哲劇メモ

吉川浩満(@哲学の劇場)の日々の泡

ありがとう友よ、さらば滝沢

 ※東京ローカルな話題で恐縮です。

談話室滝沢、全店閉店

3月末日をもって、ぼくたちの「談話室滝沢」が閉店する。

談話室滝沢とは、世界の談話界を支える至高の喫茶店いや談話室のこと(*1)。新宿、お茶の水、池袋に店舗を構える。2ちゃんねるにスレが立ち、mixiにコミュニティができるくらいのカリスマ喫茶だ。

今年の正月明けのこと、哲劇2005キックオフミーティングのため滝沢に繰り出した。

さあ、これから談話だ談話だ!(*2)

と意気込んでいると、店長氏がやってきて、わたくしにこう耳打ちした。

常連様にはあらかじめお知らせさせていただいているのですが、わたくしども、3月末をもちまして全店閉店させていただくことになりました。(大意)

寝耳に水とはこのことである(ちゃんと起きていたが。たしかに寝起きだったとはいえ)。その瞬間、目の前は真っ暗になり、慣れ親しんでいた世界がガラガラと音を立てて崩れ落ちる感覚を味わった(*3)。(ちなみに、2月から閉店の告知をするとのことだったので、いままで黙っていたのである。)
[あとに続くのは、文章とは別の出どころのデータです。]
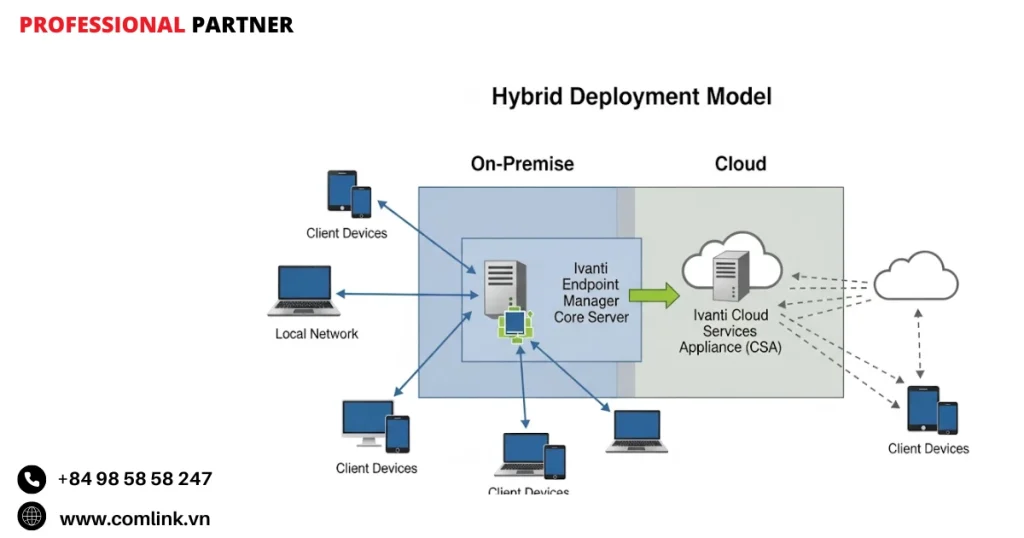 Mô hình triển khai tích hợp ( Hybrid ) cua Ivanti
思えば、滝沢ほど哲劇ミーティングに適した場所はなかった。たしかにコーヒー1杯1000円(*4)というのは高い。しかし、近くのセガフレードマクドナルドでは、元気いっぱいのヤングたちの声にわれわれヤングアダルト(違)の声はたやすくかき消されてしまう。かといって普通の(カタギの)喫茶店では、長時間の談話がなかなかしづらい(最長で10時間くらい)。結局、「ヤ○ザはいても静かでいいよね」(*5)ということで、滝沢に決まりなのである。もちろん哲劇もこの滝沢から生まれたのである。
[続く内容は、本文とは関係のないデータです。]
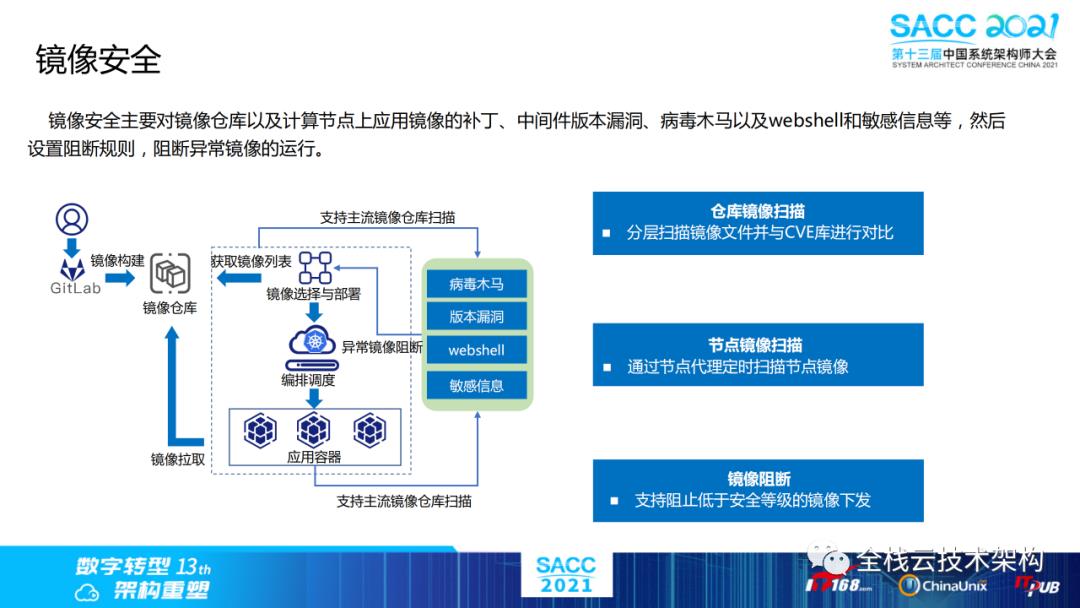 云原生数据中心操作系统（DCOS）建设之路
嘆息。哲劇ミーティング、4月からいったいどこでやったらいいのか。やはり「珈琲西武」になるのか。しかし鎧のいない珈琲西武(*6)なんてただの(以下略

ここで、ミーティングなんてどちらかの家でやればいいじゃないかという向きもあるかもしれない。ごもっともである。実際、何度か拙宅でミーティングを試みたこともあった。しかし、そうは問屋が卸さなかった。毎度相棒(八雲出)持参のワインをがぶ飲みしてしまい、ミーティングどころかコミュニケーションすらままならない酩酊状態に陥ってしまうのである。わが相棒にワインを持ってこさせないということは、わが相棒の相棒(というか、つまりわたくしのことだが)にとってすら至難の業である。また、相棒宅は書物の山によりアッシャー家のごとく崩壊寸前と思われるので、わたくしの体重が最後の藁になりそうで踏み入ることができない。

というわけで、学校を出てからの10年間というもの、ぼくは滝沢ですべてを学んだのだった。

そう、滝沢がぼくの学校だった。(*7)

ありがとう、滝沢。(*8)

追記

なお、当ブログの滝沢関連記事は下記のとおり。

追記2

右は「最後の謝恩券」。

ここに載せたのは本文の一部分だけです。